Statistical errors are a problem, however, if you also want to use gprof to show statement or branch coverage in addition to performance data. For exact counts of how many times each line of code has been executed, enable basic block counting by using the -a option at compile time. This adds instrumentation to the code to count the execution of each block of code. It also allows gprof to show exactly how many times each line of code was executed, even if zero time is shown by way of sampling.

It is possible to combine multiple gmon.out files in order to build up measurements over many runs of a program. This is done with the gprof -s command, which takes any number of gmon.out files and creates a new gmon.sum with the combined data. It is possible to add profiling data incrementally by specifying gmon.sum as an input file.

I originally intended to reuse my glib example with gprof, but the different behavior of gprof and gcov made this prospect difficult. The glib test programs are run one after another by the make check command, so each test's gmon.out was overwritten by the next test. Also, the test programs actually are shell scripts, which set some reasonably complex environment variables to run the real test programs, which are kept in a hidden subdirectory. Moral of the story: gcov is the right tool for doing coverage testing for glib.

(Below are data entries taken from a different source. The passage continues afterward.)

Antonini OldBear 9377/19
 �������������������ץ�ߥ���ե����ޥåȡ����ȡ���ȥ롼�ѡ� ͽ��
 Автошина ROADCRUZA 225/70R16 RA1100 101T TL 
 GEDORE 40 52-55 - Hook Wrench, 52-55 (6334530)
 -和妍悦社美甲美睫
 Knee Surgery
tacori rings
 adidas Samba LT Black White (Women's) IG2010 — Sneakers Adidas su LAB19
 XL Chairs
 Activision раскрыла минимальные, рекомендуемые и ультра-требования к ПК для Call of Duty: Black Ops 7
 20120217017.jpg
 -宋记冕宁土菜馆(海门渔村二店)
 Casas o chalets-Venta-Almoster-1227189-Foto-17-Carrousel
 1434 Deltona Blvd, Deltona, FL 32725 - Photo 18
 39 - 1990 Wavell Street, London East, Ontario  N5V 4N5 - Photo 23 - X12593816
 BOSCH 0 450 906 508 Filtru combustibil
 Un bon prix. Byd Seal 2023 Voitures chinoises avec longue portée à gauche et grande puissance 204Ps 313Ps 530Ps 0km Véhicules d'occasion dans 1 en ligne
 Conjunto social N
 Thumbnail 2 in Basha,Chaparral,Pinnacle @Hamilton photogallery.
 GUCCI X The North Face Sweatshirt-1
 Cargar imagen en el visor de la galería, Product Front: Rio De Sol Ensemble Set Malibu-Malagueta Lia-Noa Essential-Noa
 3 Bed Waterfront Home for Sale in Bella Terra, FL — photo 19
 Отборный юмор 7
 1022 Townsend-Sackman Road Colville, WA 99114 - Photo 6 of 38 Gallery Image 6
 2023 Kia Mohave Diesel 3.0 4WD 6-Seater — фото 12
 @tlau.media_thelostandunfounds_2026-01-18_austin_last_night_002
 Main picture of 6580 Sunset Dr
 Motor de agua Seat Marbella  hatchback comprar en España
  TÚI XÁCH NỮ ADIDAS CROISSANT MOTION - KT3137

Instead, I created a simple program to calculate the Fibonacci numbers from zero to 42. The Fibonacci numbers are a series of numbers beginning with 0,1 where the next number in the series is found by adding the previous two numbers (so, 0,1,1,2,3,5,8,13,21,...) A good Web site on the Fibonacci numbers and related mathematical concepts can be found at www.mcs.surrey.ac.uk/Personal/R.Knott/Fibonacci/fib.html. The number 42 was chosen, not merely for its literary significance to Douglas Adams fans, but because the Fibonnacci numbers begin overflowing signed 32-bit integer arithmetic at 47, so a lower limit was useful.

The calculation of a Fibonacci number can make a good example of a recursive function. Because each Fibonacci number is the sum of the previous two, the simplest approach is to create a function int fibonacci(int n), which simply calls itself with n - 1 and with n - 2, adds the results and returns the value (Listing 3).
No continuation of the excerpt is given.